If the primary key is NORELY (the default), then the optimizer will not remove the DISTINCT operation from the query. Then it may run slower but always returns correct results even if there are duplicates. If the primary key is RELY, Databricks can remove the DISTINCT operation, which can greatly speed up the query – by about 2x for the above example.
Speed up your queries by eliminating unnecessary joins
Another very useful optimization we can perform with RELY primary keys is eliminating unnecessary joins. If a query joins a table that is not referenced anywhere except in the join condition, then the optimizer can determine that the join is unnecessary, and remove the join from the query plan.
To give an example, let’s say we have a query joining two tables, store_sales
and customer
, joined on the primary key of the customer table PRIMARY KEY (c_customer_sk) RELY
.
SELECT SUM(ss_quantity)
FROM store_sales ss
LEFT JOIN customer c
ON ss_customer_sk = c_customer_sk;
If we didn’t have the primary key, each row of store_sales
could potentially match multiple rows in customer
, and we would need to execute the join to compute the correct SUM value. But because the table customer
is joined on its primary key, we know that the join will output one row for each row of store_sales
.
So the query only actually needs the column ss_quantity
from the fact table store_sales
. Therefore, the query optimizer can entirely eliminate the join from the query, transforming it into:
SELECT SUM(ss_quantity)
FROM store_sales ss
This runs much faster by avoiding the entire join – in this example we observe the optimization speed up the query from 1.5 minutes to 6 seconds!. And the benefits can be even larger when the join involves many tables that can be eliminated!

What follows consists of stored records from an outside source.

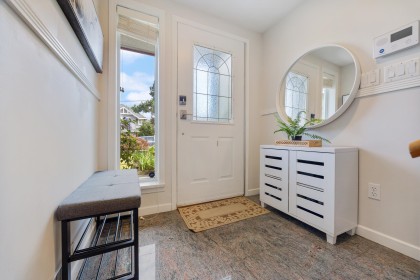 Photo 4 at 3608 W 7th Avenue, Kitsilano, Vancouver West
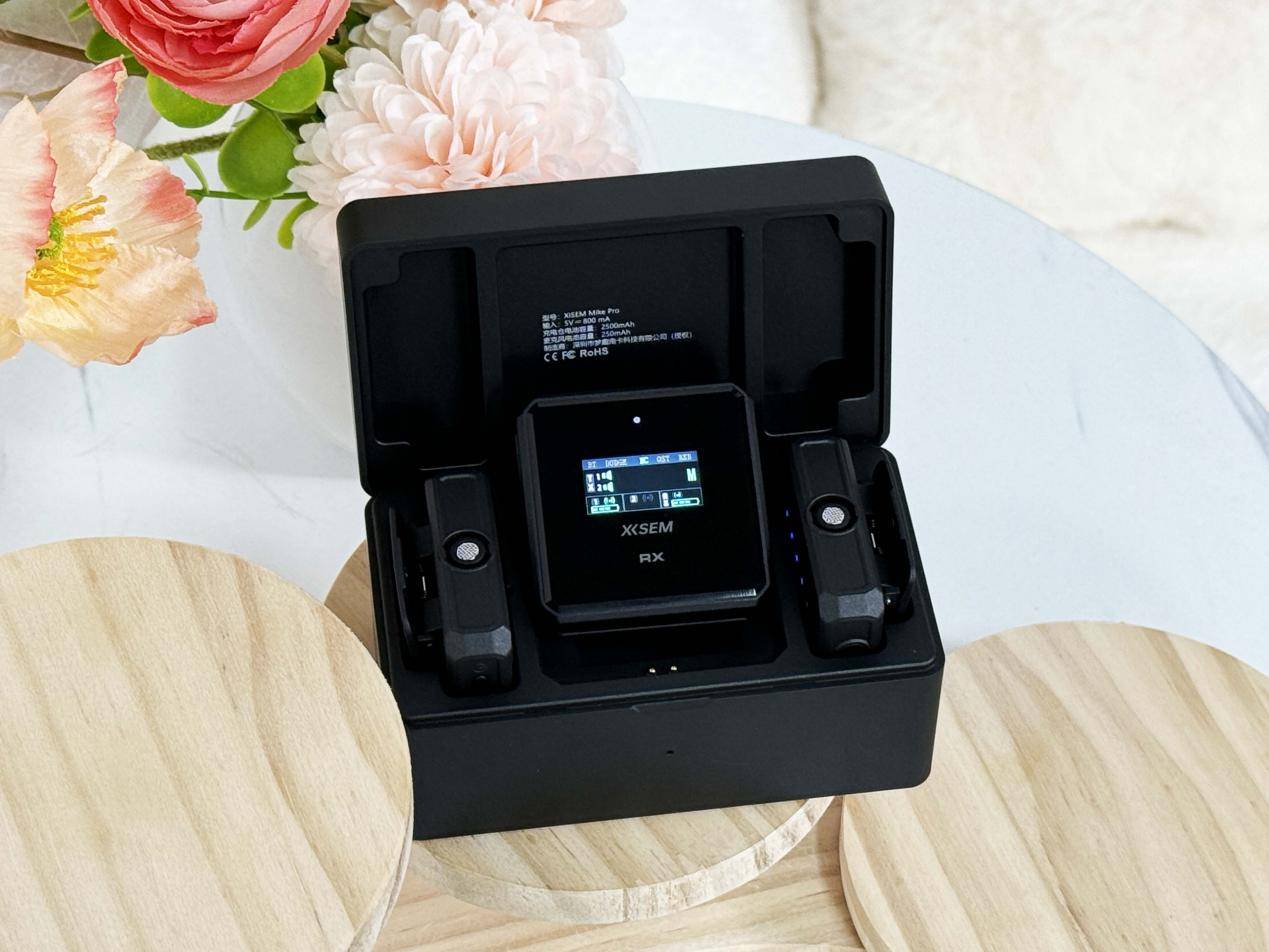 无线麦克风怎么选?直播是用耳机好还是领夹麦好?8大高评分领夹麦克风型号实测避坑!麦克风推荐2025:口碑最好的夹麦排名!八款领夹麦测评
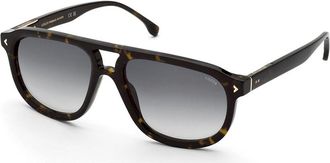 Lozza SL4330 Zilo 2.0 722K Mens Sunglasses Tortoiseshell Size 59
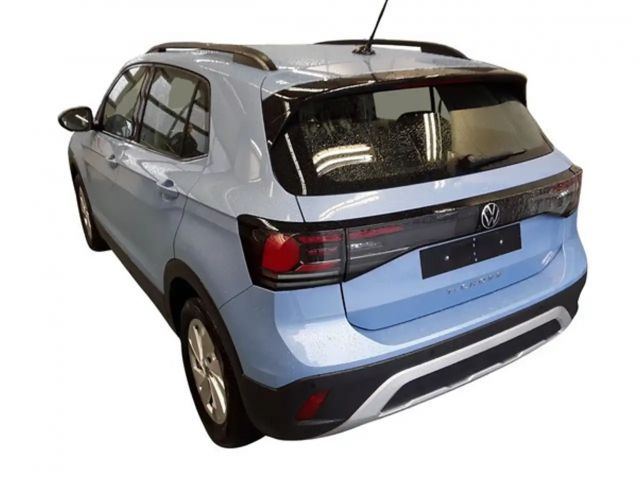Volkswagen T-Cross 1.0 TSI IQ.Drive Life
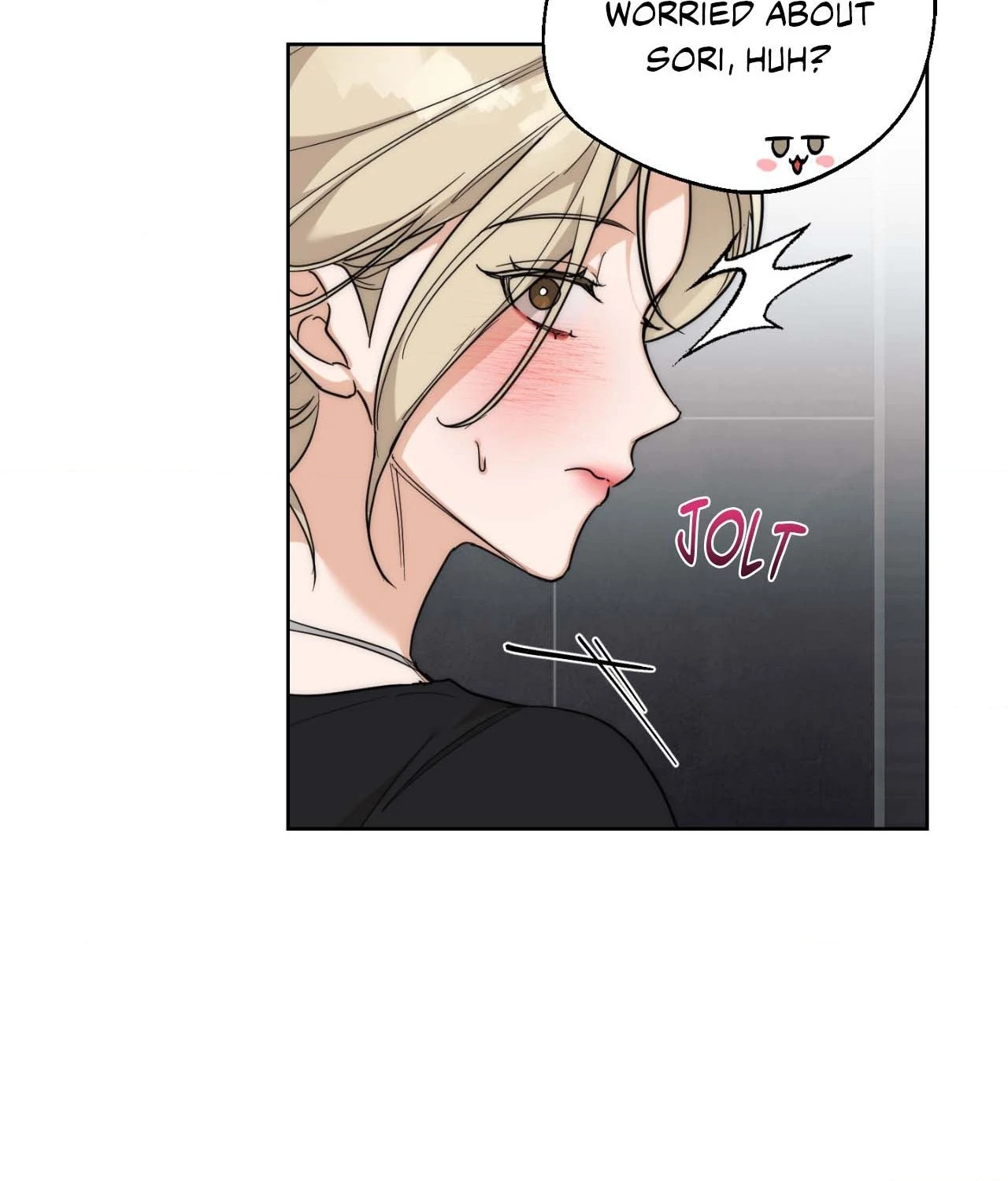 The Drunken Boss Chapter 22 - Page 19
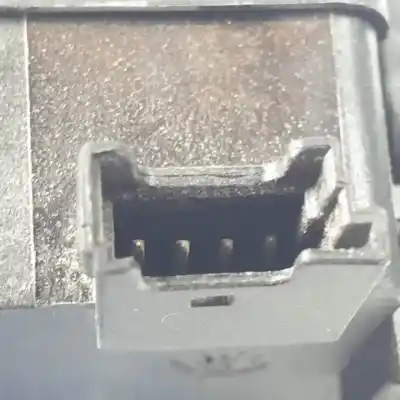 Second-hand car spare part trunk lock for bmw x5 (e53) m57d30 oem iam references 51248408492  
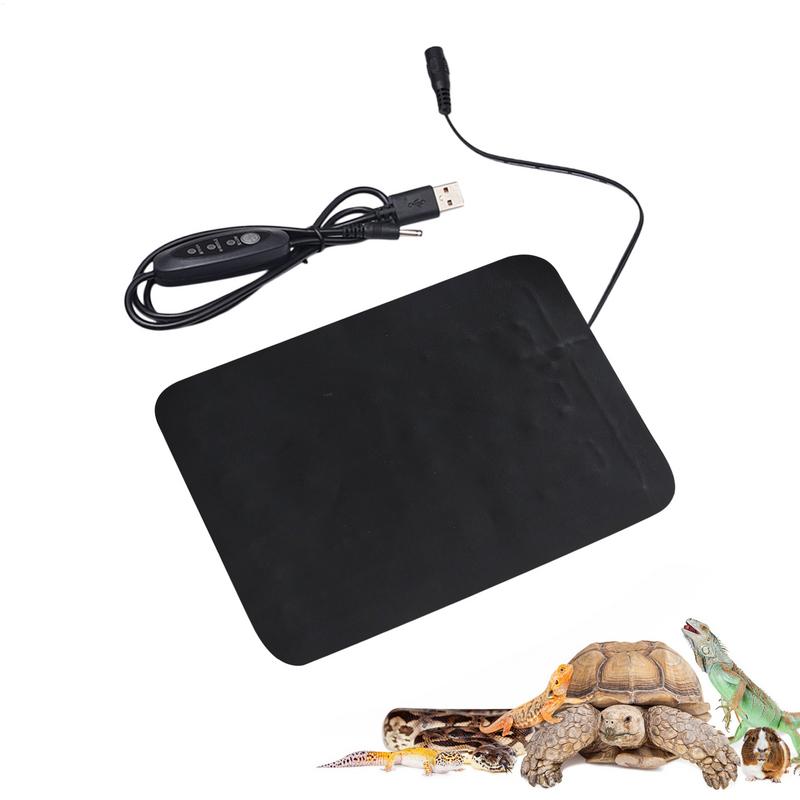 Tappetino riscaldante per pian - Reptile Heating Mat recensione e prezzo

You may ask, why would anyone run a query like this? It’s actually much more common than you might think! One common reason is that users construct views that join together several tables, such as joining together many fact and dimension tables. They write queries over these views which often use columns from only some of the tables, not all – and so the optimizer can eliminate the joins against the tables that aren’t needed in each query. This pattern is also common in many Business Intelligence (BI) tools, which often generate queries joining many tables in a schema even when a query only uses columns from some of the tables.
Conclusion
Since its public preview, over 2600 + Databricks customers have used primary key and foreign key constraints. Today, we are excited to announce the general availability of this feature, marking a new stage in our commitment to enhancing data management and integrity in Databricks.
Furthermore, Databricks now takes advantage of key constraints with the RELY option to optimize queries, such as by eliminating unnecessary aggregates and joins, resulting in much faster query performance.